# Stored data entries
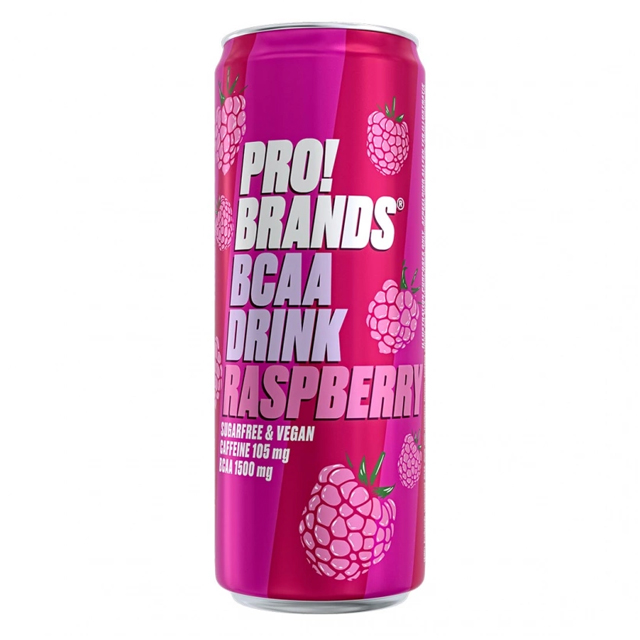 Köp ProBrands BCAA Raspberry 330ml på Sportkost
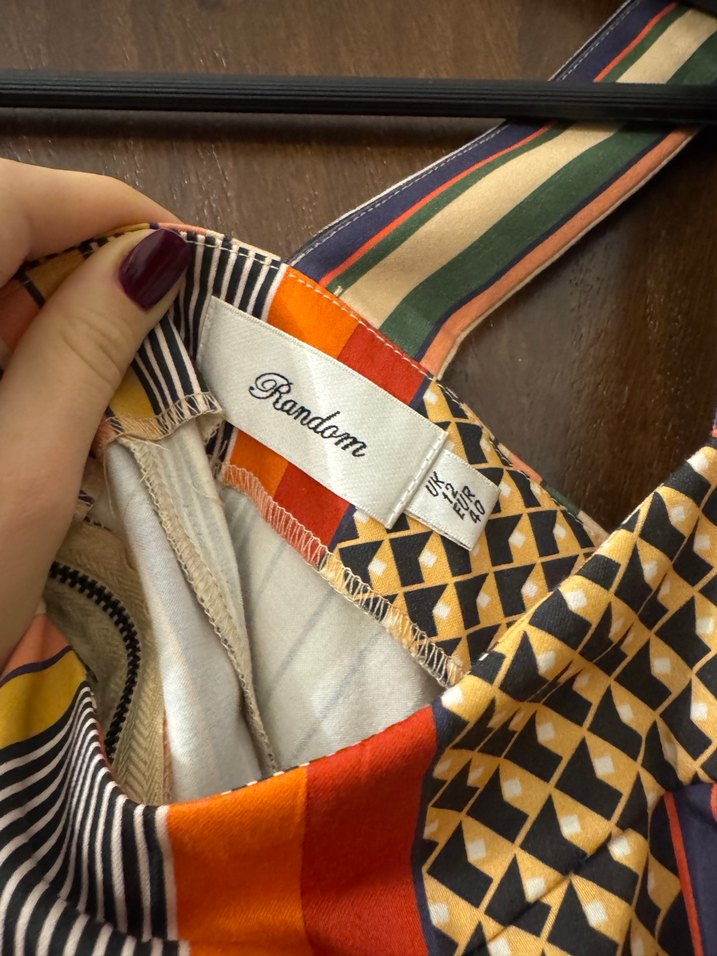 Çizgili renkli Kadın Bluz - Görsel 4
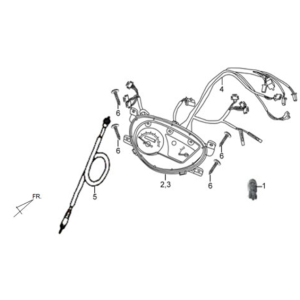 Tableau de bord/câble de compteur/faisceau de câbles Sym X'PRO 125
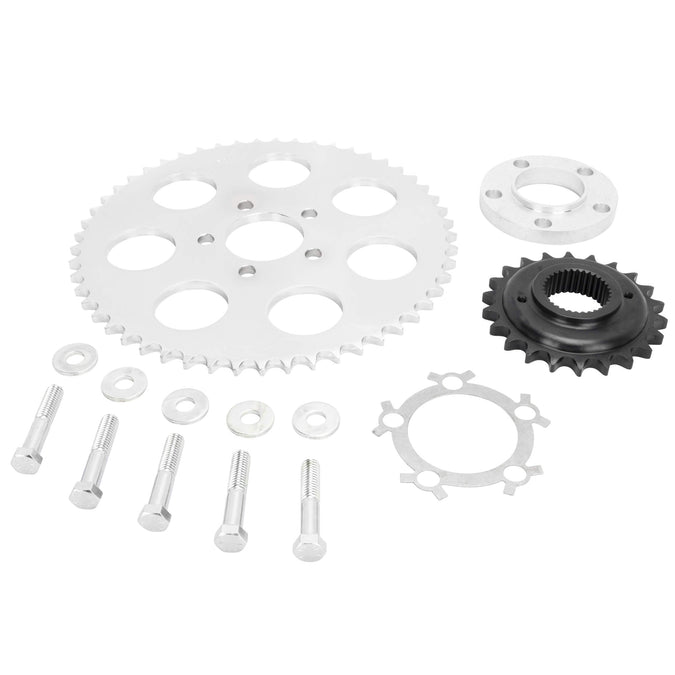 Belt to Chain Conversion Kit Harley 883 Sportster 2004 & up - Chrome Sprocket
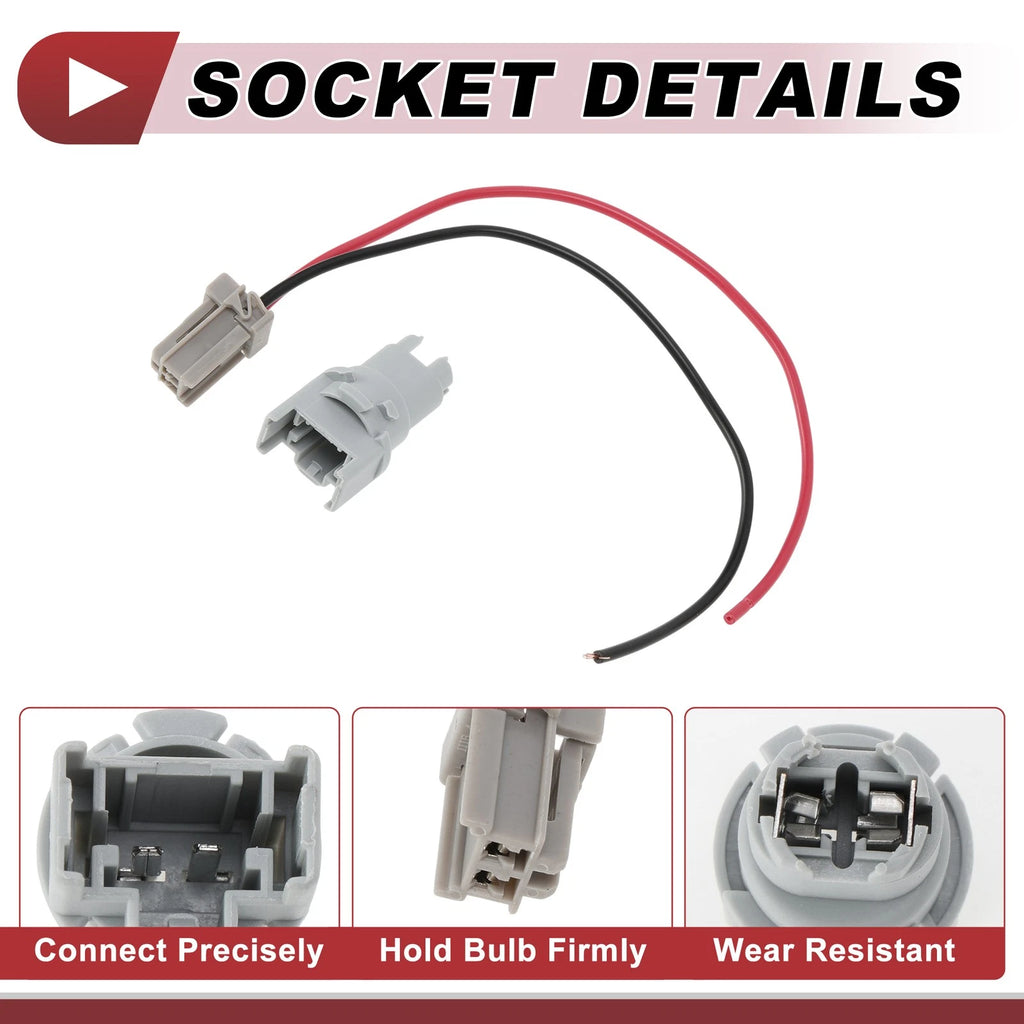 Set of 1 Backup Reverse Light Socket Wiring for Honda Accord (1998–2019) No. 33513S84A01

# Task prompt
Leaving every picture out, return the lines from the one containing "Belt to Chain" through the last line of the records exactly.

# Solution to this exercise
 Belt to Chain Conversion Kit Harley 883 Sportster 2004 & up - Chrome Sprocket
 Set of 1 Backup Reverse Light Socket Wiring for Honda Accord (1998–2019) No. 33513S84A01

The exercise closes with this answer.